Das Afghan Youth Project wurde ins Leben gerufen, um sich mit den Folgen der alltäglichen Gewalt, der existenziellen Unsicherheit und Perspektivlosigkeit in Afghanistan zu beschäftigen. Seit Jahren nehmen diese Tendenzen dramatisch zu, woraus sich auch die aktuelle Fluchtdynamik nach Europa speist. Nun ist der Report des Projekts erschienen. Unter dem Titel „Glimpses of Hope in the Shadow of War“ werden Ergebnisse gezeigt, in denen vor allem die afghanischen Jugendlichen zu Wort kommen, die sich selbst als „Zukunftsmacher“ verstehen.
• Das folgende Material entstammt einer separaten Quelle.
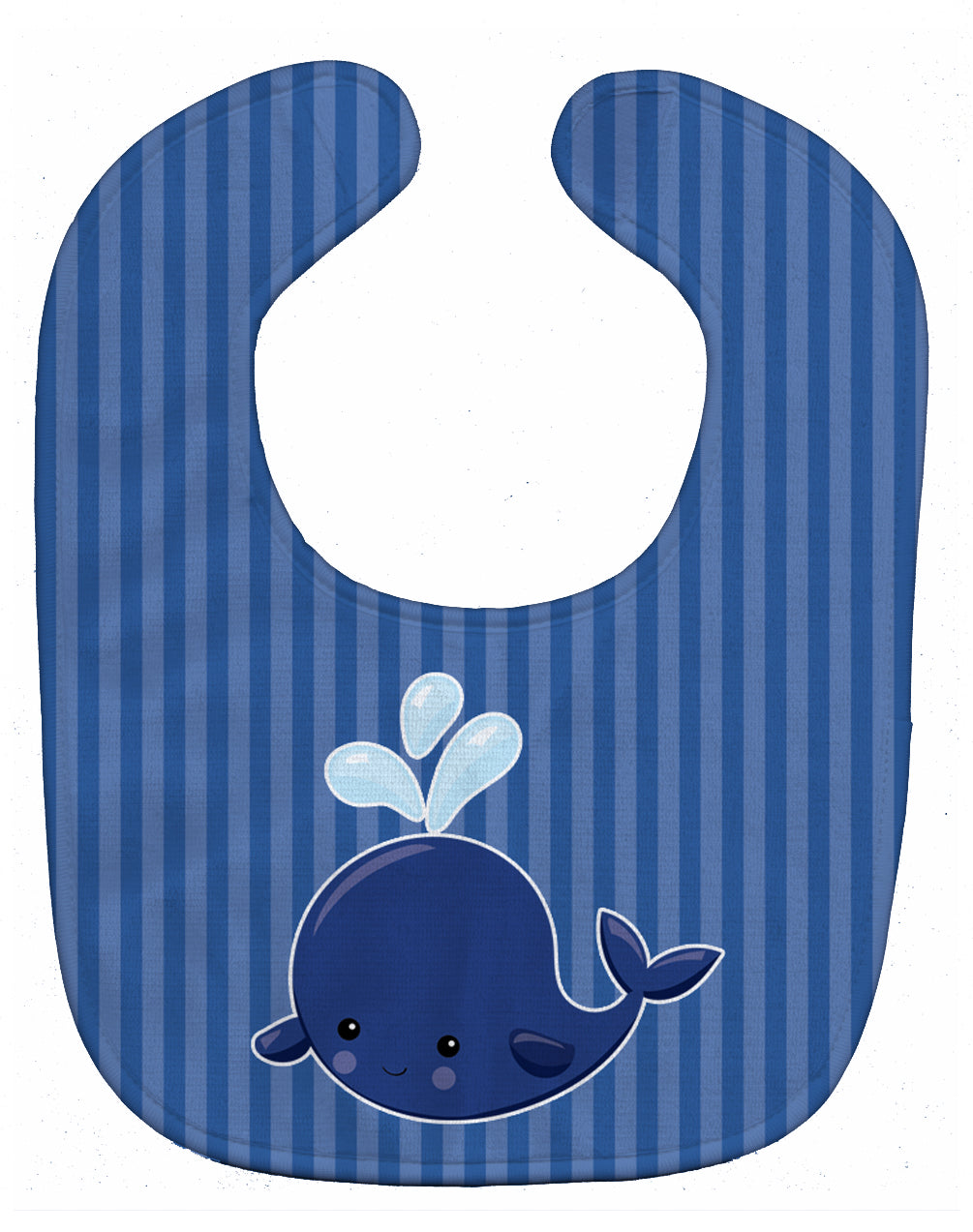 Nautical Whale Blue #2 Baby Bib Easy-Clean Baby Bib Baby Feeding Accessory Baby Mealtime Essential, 10 x 13, Multicolor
„Wenn man nach Potenzialen für gesellschaftlichen und politischen Wandel hin zu mehr Frieden und Zukunftschancen in Afghanistan sucht, kommt man fast zwangsläufig zur jungen Generation“, erklärt Prof. Dr. Phil Langer. Er ist IPU-Professor und leitet das Afghan Youth Project. „Die Jugendlichen machen zwei Drittel der Bevölkerung aus, sind aber stark unterrepräsentiert in politischen und öffentlich Debatten – und auch in der Forschung.“ Das Afghan Youth Project soll daran etwas ändern. Es ist Teil eines größeren Forschungsprogramms an der IPU, das sich etwa auch mit ehemaligen Kindersoldaten des Islamischen Staates beschäftigt.
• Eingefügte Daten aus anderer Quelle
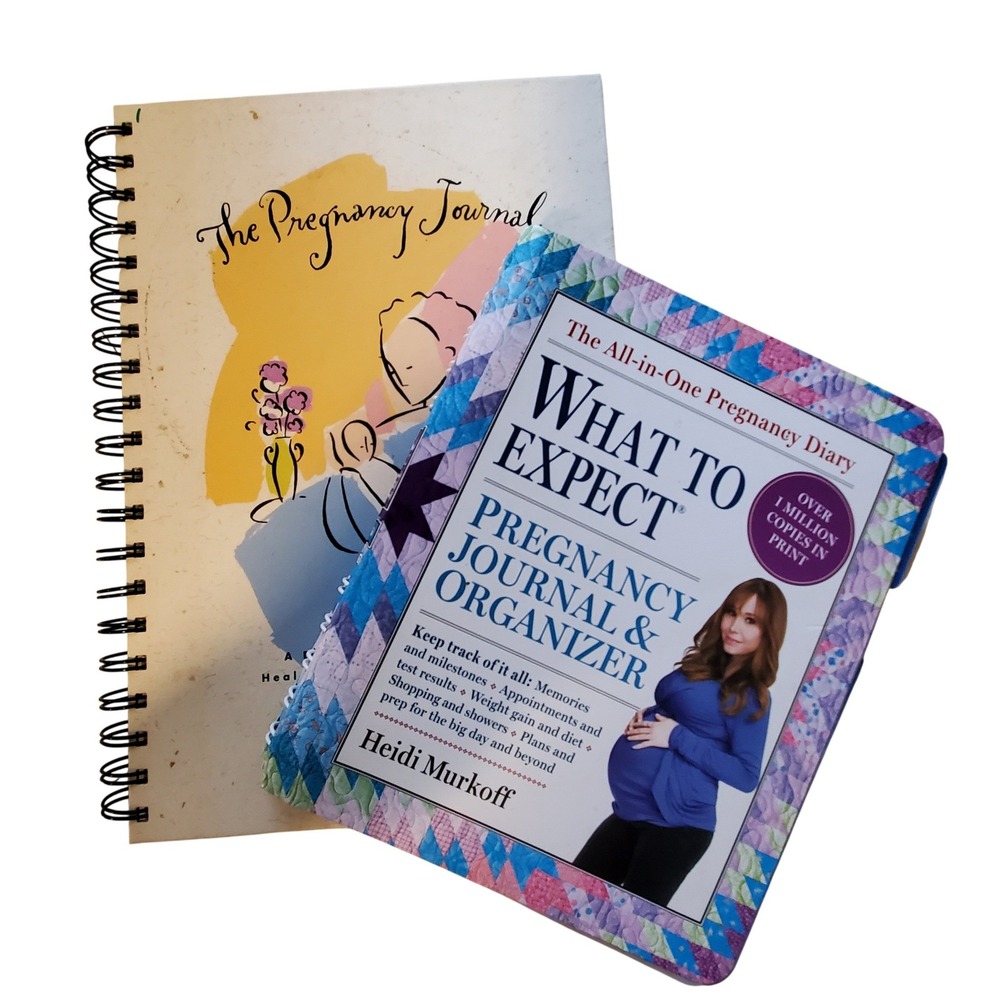 What to Expect Pregnancy Journal Organizer & The Pregnancy Journal Bundle Set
„Unser Ziel war, den Jugendlichen in Afghanistan mit ihren Problemen und Ängsten, aber auch ihren Hoffnungen und Träumen eine Stimme zu geben“, sagt Langers Kollegin im Projekt Aisha-Nusrat Ahmad. „Es geht uns sowohl um ein Empowerment der Jugendlichen von unten als auch die Einflussnahme auf politische Entscheidungen von oben, indem wir Empfehlungen formulieren, wie es gelingen kann, das friedenspolitische Potenzial der Jugend im Land zu aktivieren.“ Zentrale Fragen in der Forschung waren: Wie gehen die Jugendlichen in einem von jahrzehntelangen Konflikten und Kriegen geprägten Land mit all der Gewalt und den vielfältigen Problemlagen von Armut, Korruption und mangelnden Berufsperspektiven um? Wie stellen sie sich eine „andere“ Zukunft vor? Was glauben sie, dazu selbst beitragen zu können?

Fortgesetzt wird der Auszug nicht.